Description of the task: At the line containing "3674 E Palomino", begin an exact copy of the lines below and continue through the final one, with no pictures.

[Captioned web images]
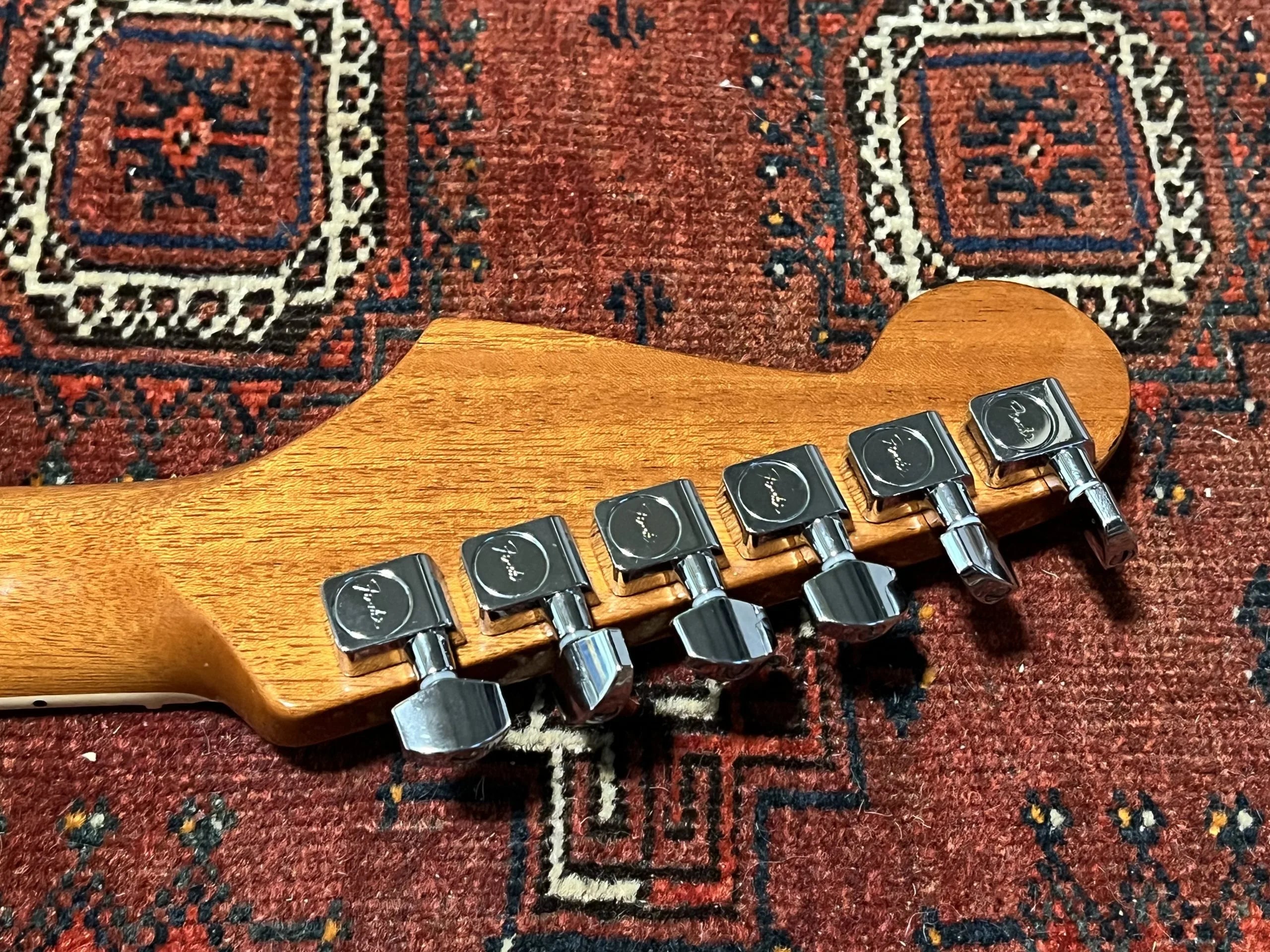SOLD - Fender Parallel Universe Volume II Uptown Strat RW Static White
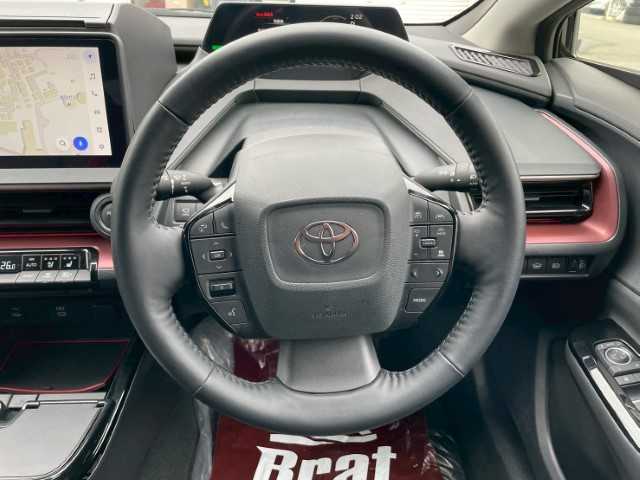 トヨタ プリウス Z 岩手県 2023(令5)年 1.7万km 黒 純正12.3インチディスプレイオーディオ/フルセグ　/パノラミックビューモニター　/ガラスルーフ　/モデリスタエアロ　/プリクラッシュセーフティ　/レーダークルーズコントロール　/黒レザーシート　/スマートキー　/ステアリングヒーター/パワーバックドア/ETC2.0/LEDヘッドライト/バックフォグランプ/デジタルインナーミラー/トラクションコントロール/USB端子/シートメモリー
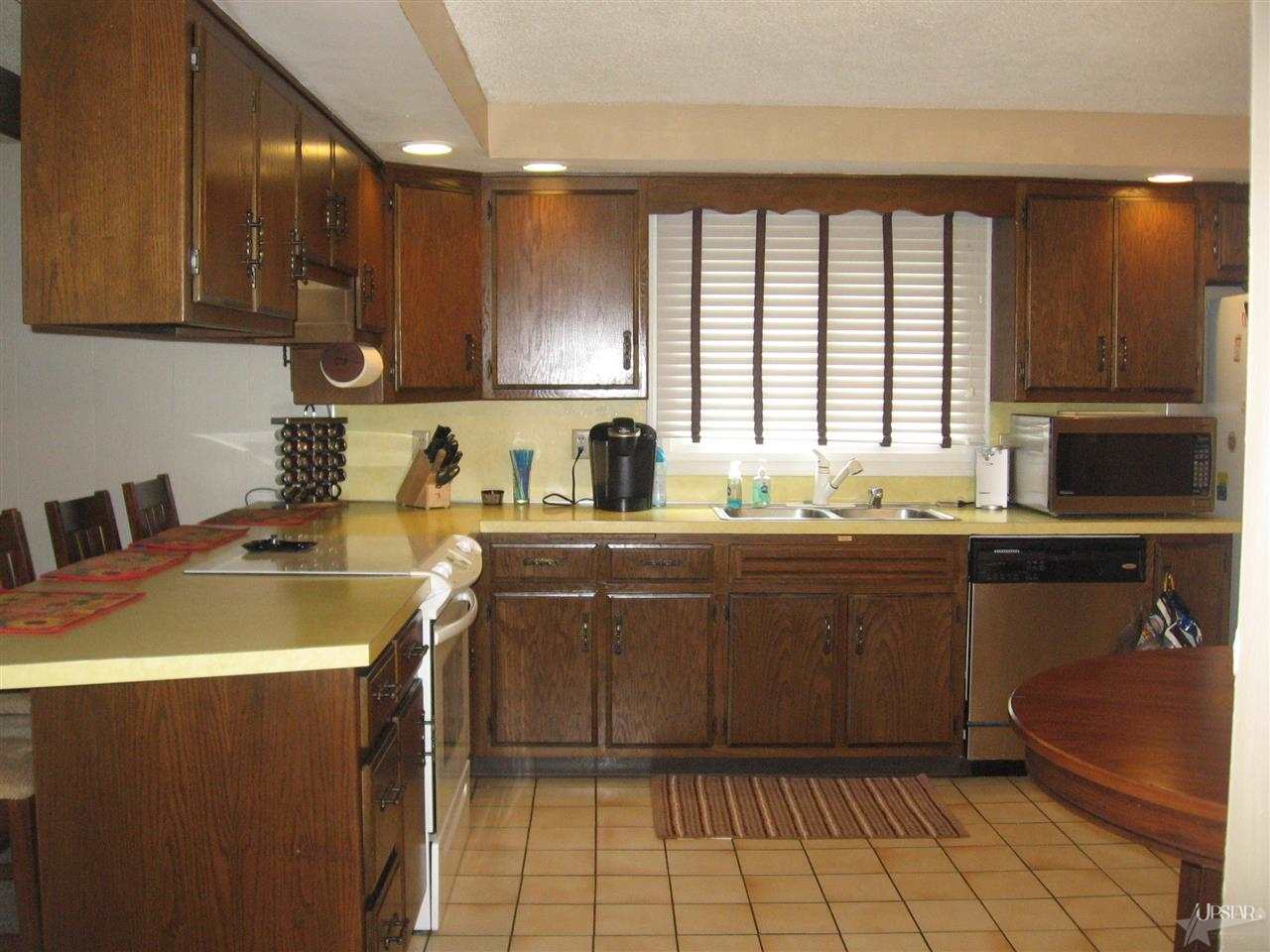 3674 E Palomino Dr, Columbia City, IN 46725 photo 9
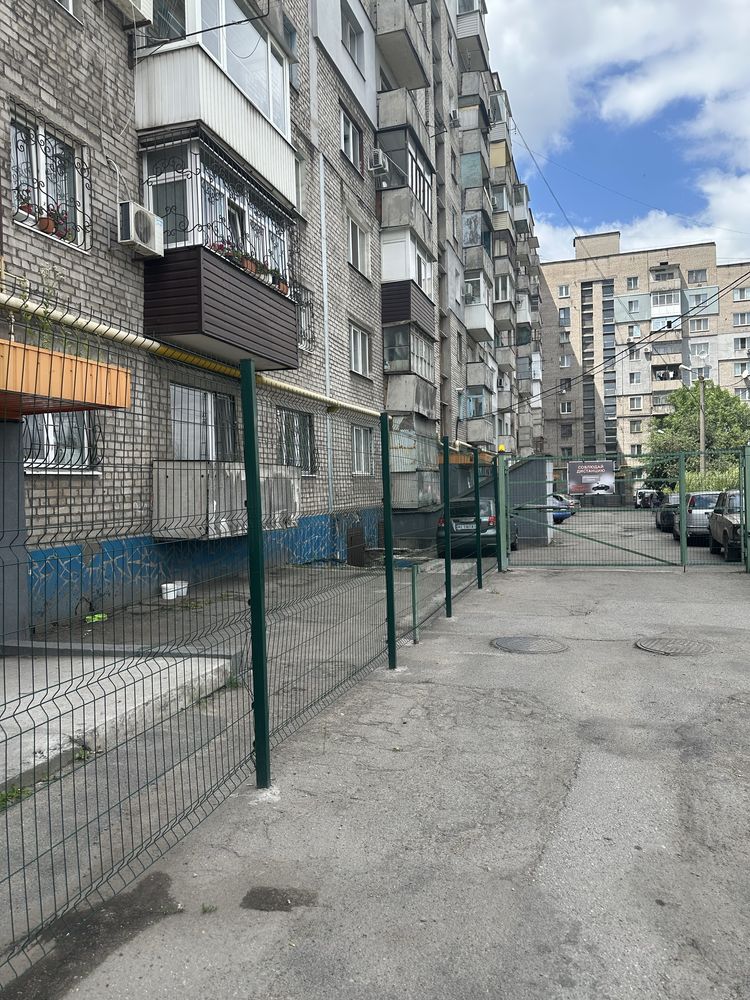 Продам 2 х ком квартиру, бассейн Микомп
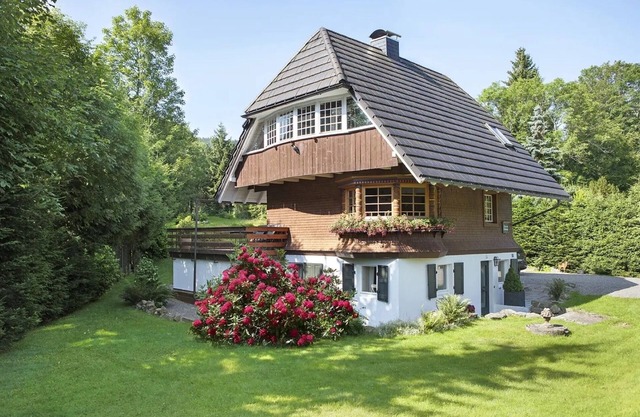 Chalet 'Schwarzwald- Am Birkenhain' with Wi-Fi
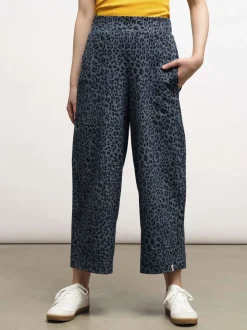 Tiffany Housut, Leo Denim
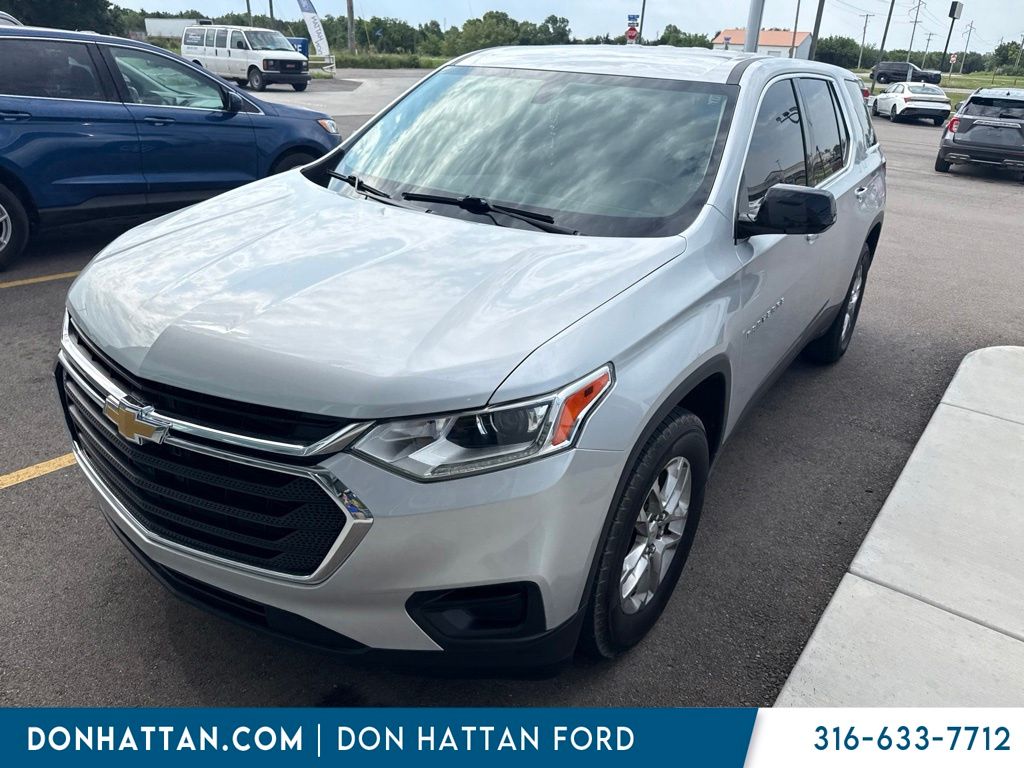 Silver Ice Metallic 2019 Chevrolet Traverse SUV / Crossover Front-Wheel Drive 9-Speed Automatic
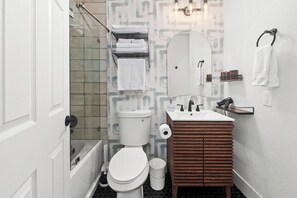 Secadora de cabello, toallas, jabón, papel de baño 
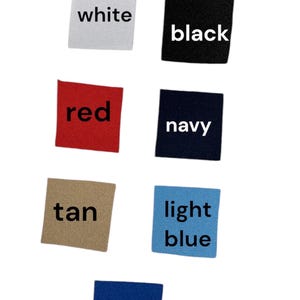 Peut inclure: Un assortiment d'&eacute;chantillons de tissu de diff&eacute;rentes couleurs, notamment blanc, noir, rouge, marine, beige, bleu clair et bleu. Les &eacute;chantillons sont dispos&eacute;s en grille et &eacute;tiquet&eacute;s avec leurs couleurs correspondantes.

Answer to the exercise:
 3674 E Palomino Dr, Columbia City, IN 46725 photo 9
 Продам 2 х ком квартиру, бассейн Микомп
 Chalet 'Schwarzwald- Am Birkenhain' with Wi-Fi
 Tiffany Housut, Leo Denim
 Silver Ice Metallic 2019 Chevrolet Traverse SUV / Crossover Front-Wheel Drive 9-Speed Automatic
 Secadora de cabello, toallas, jabón, papel de baño 
 Peut inclure: Un assortiment d'&eacute;chantillons de tissu de diff&eacute;rentes couleurs, notamment blanc, noir, rouge, marine, beige, bleu clair et bleu. Les &eacute;chantillons sont dispos&eacute;s en grille et &eacute;tiquet&eacute;s avec leurs couleurs correspondantes.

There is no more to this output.